__Problem__. Take the lines from the one with "USGS 1:62500-SCALE QUADRANGLE" through the end of the material below and repeat them exactly, dropping every picture.

◇ ◇ ◇

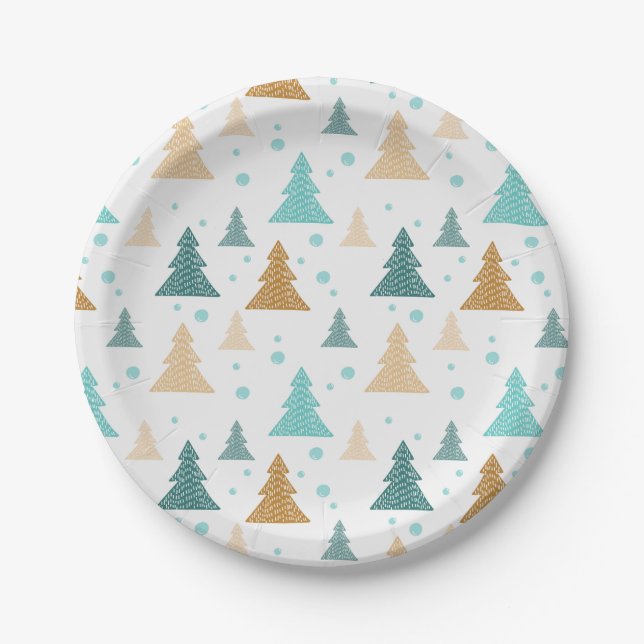 Christmas tree snowflake paper plate (Front)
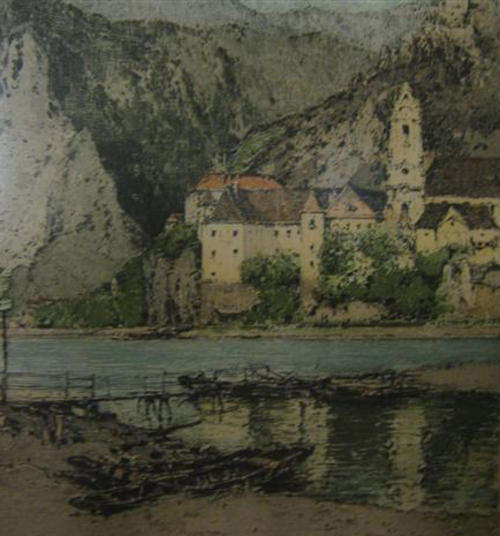 WELL DRAWN AND ATTRACTIVE ANTIQUE PICTURE OF A EUROPEAN COUNTRY SCENE.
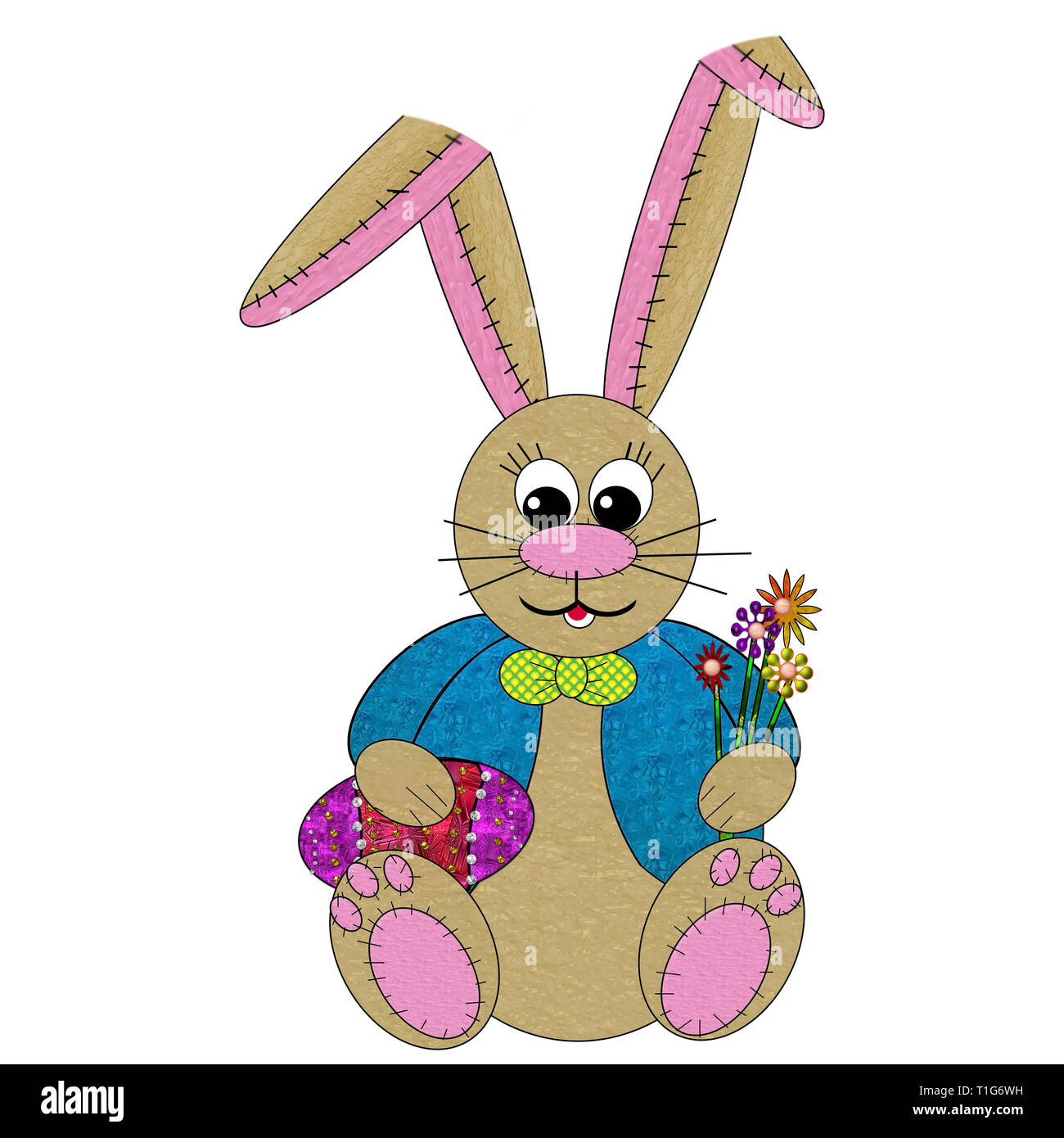 Grafik Stofftier Hase Kaninchen mit riesigen Ohren tragen, Blumen, Schokolade bunny oder Osterei. Ein Bild Hasen sitzen auf Patchwork Quilt. Stockfoto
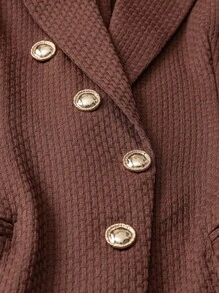 Bộ vest tay dài vải họa tiết đơn hàng khuy + nút trang trí cho nữ - Cà phê nâu - Xem 4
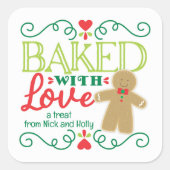 Gebakken met Liefde Kerstdag Kerstman van Speculaa Vierkante Sticker (Voorkant)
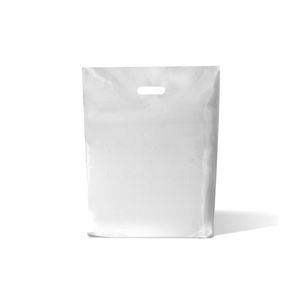 Plastic draagtas gestanst handvat 37cm x 44cm wit onbedrukt ldpe 50µm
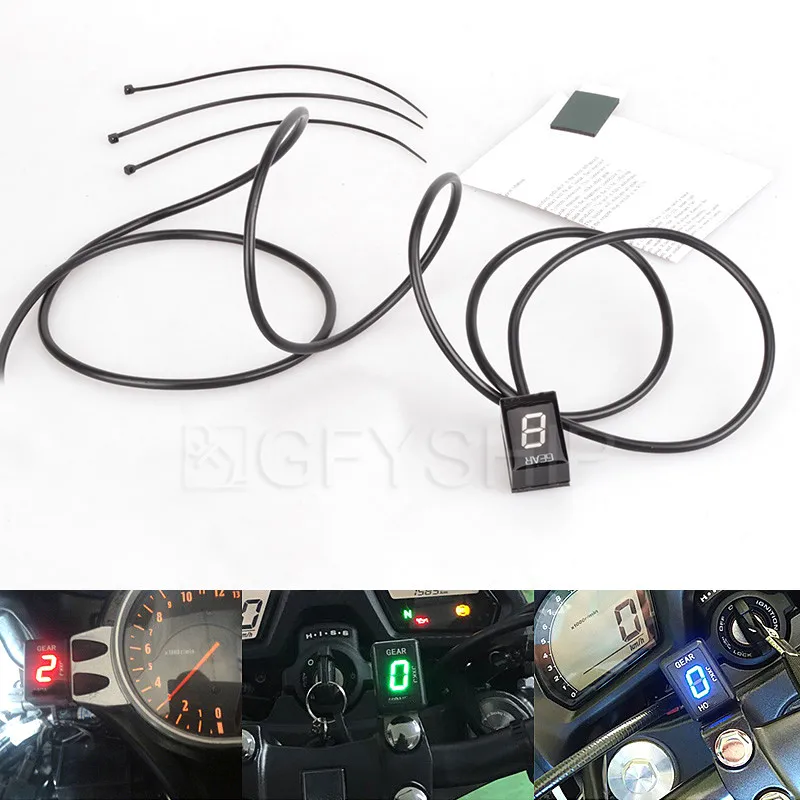 Motorcycle Lcd 16 Level Gear Indicator 6 Speed Digital Gear Meter For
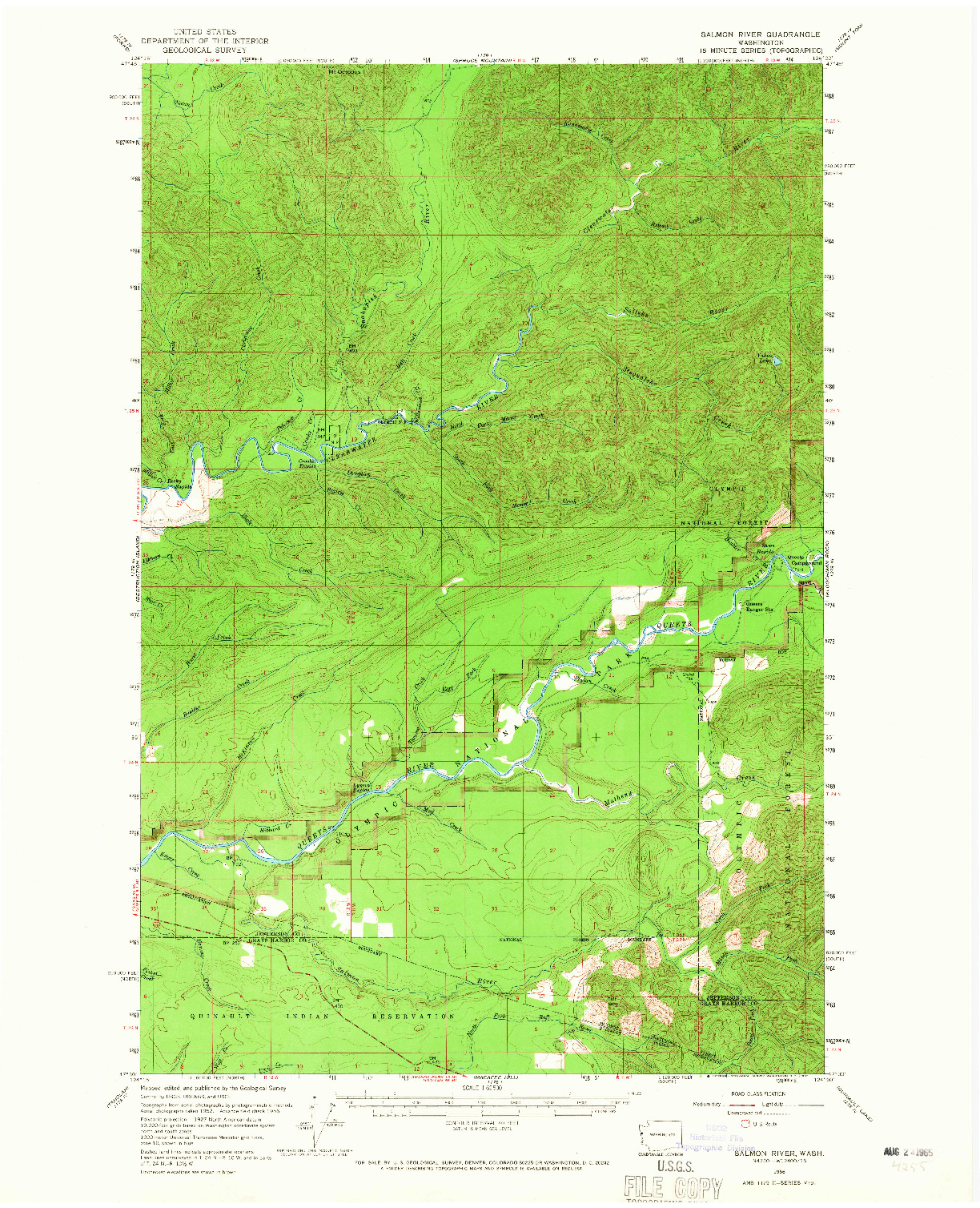 USGS 1:62500-SCALE QUADRANGLE FOR SALMON RIVER, WA 1956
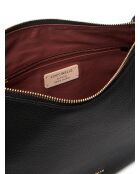 Schultertasche Nory aus genarbtem Leder in Schwarz - 35x25x9 cm
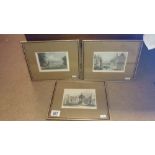 3 framed and glazed antique engravings, King's college Cambridge etc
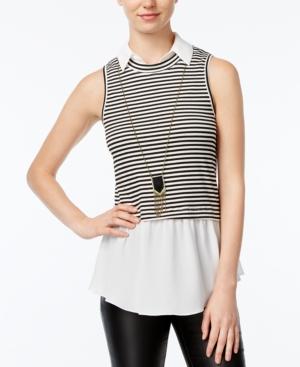 Bcx Juniors' Striped Layered-look Top With Necklace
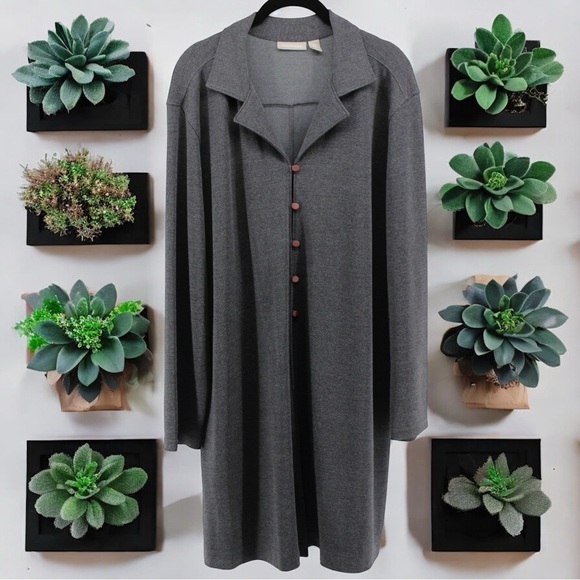 Nordstrom Gray Long Sleeve Maxi Cardigan Capsule Chic Comfort Size XL - Picture 1 of 10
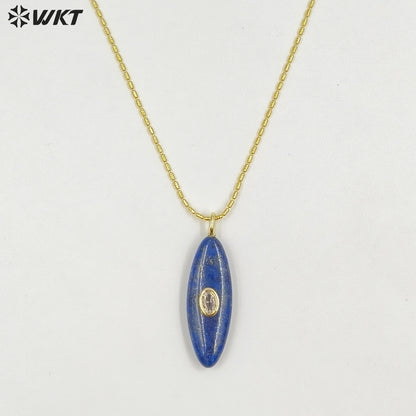 WT-N1509 High Quality Thin Chain Gold Electroplated Natural Gemstones With Zircon Long Oval Shape Pendant Necklaces As Lady Gift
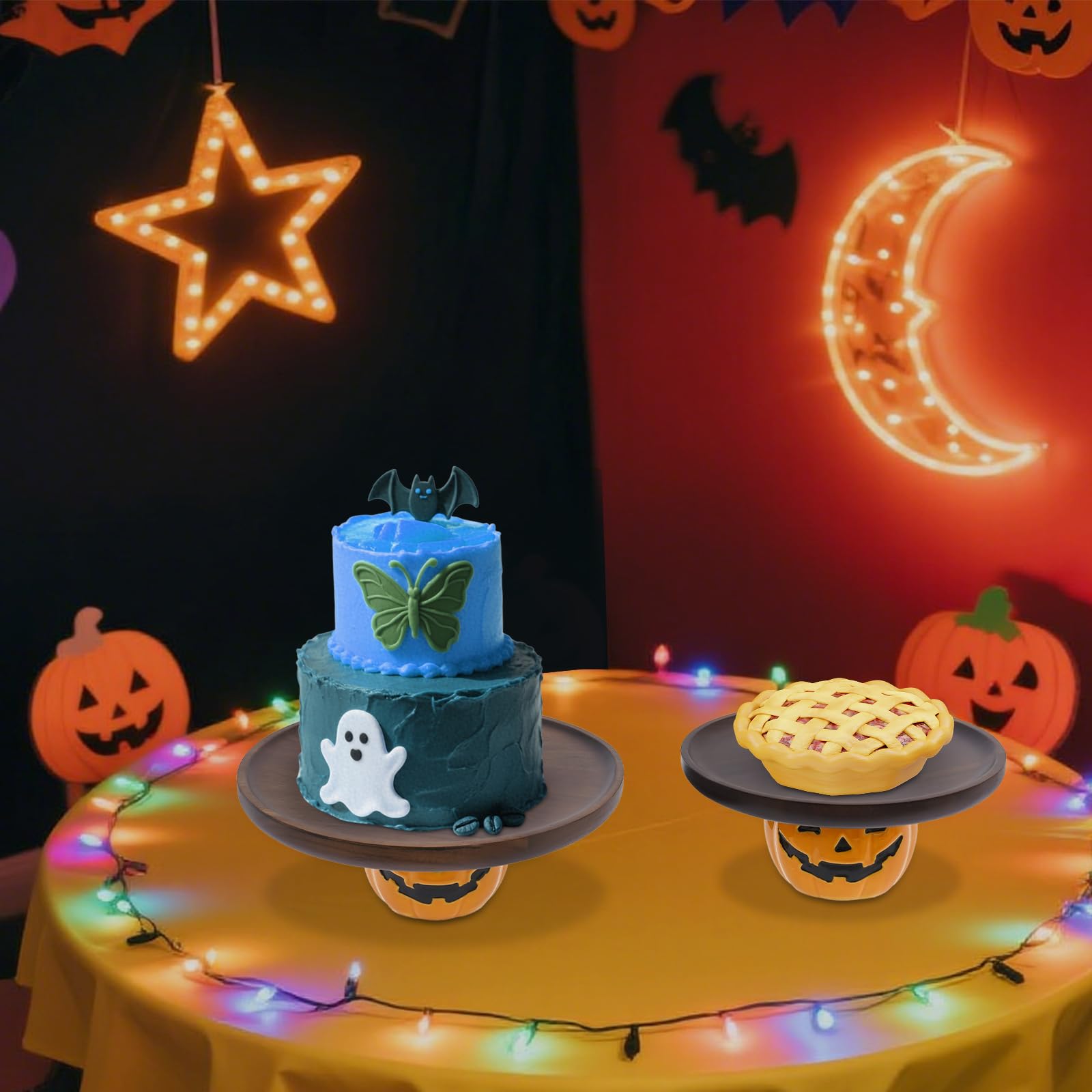 Zestaw miseczek na ciasto na Halloween, 2-częściowy, wzór dyni, drewno akacjowe z powłoką woskową, na babeczki i desery (20,46 cm i 35 cm, 1,9 kg)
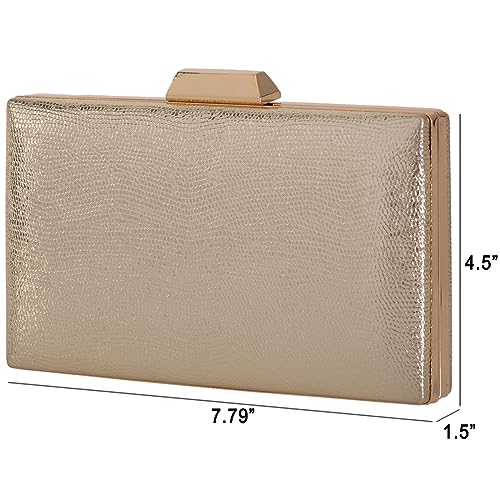 Image of JNB Women's Metallic Material Hard Case Evening Party Clutch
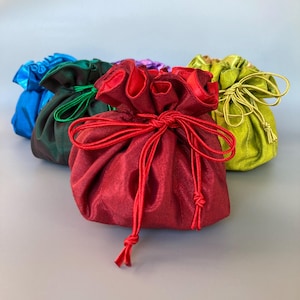 Ruby Red / Rose Silk & Satin Drawstring Jewelry Pouch Bag Jewelry Box Organizer Wedding Party Favor Gift January Birthstone Color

◇ ◇ ◇

__Response below__.
 USGS 1:62500-SCALE QUADRANGLE FOR SALMON RIVER, WA 1956
 Schultertasche Nory aus genarbtem Leder in Schwarz - 35x25x9 cm
 3 framed and glazed antique engravings, King's college Cambridge etc
 Bcx Juniors' Striped Layered-look Top With Necklace
 Nordstrom Gray Long Sleeve Maxi Cardigan Capsule Chic Comfort Size XL - Picture 1 of 10
 WT-N1509 High Quality Thin Chain Gold Electroplated Natural Gemstones With Zircon Long Oval Shape Pendant Necklaces As Lady Gift
 Zestaw miseczek na ciasto na Halloween, 2-częściowy, wzór dyni, drewno akacjowe z powłoką woskową, na babeczki i desery (20,46 cm i 35 cm, 1,9 kg)
 Image of JNB Women's Metallic Material Hard Case Evening Party Clutch
 Ruby Red / Rose Silk & Satin Drawstring Jewelry Pouch Bag Jewelry Box Organizer Wedding Party Favor Gift January Birthstone Color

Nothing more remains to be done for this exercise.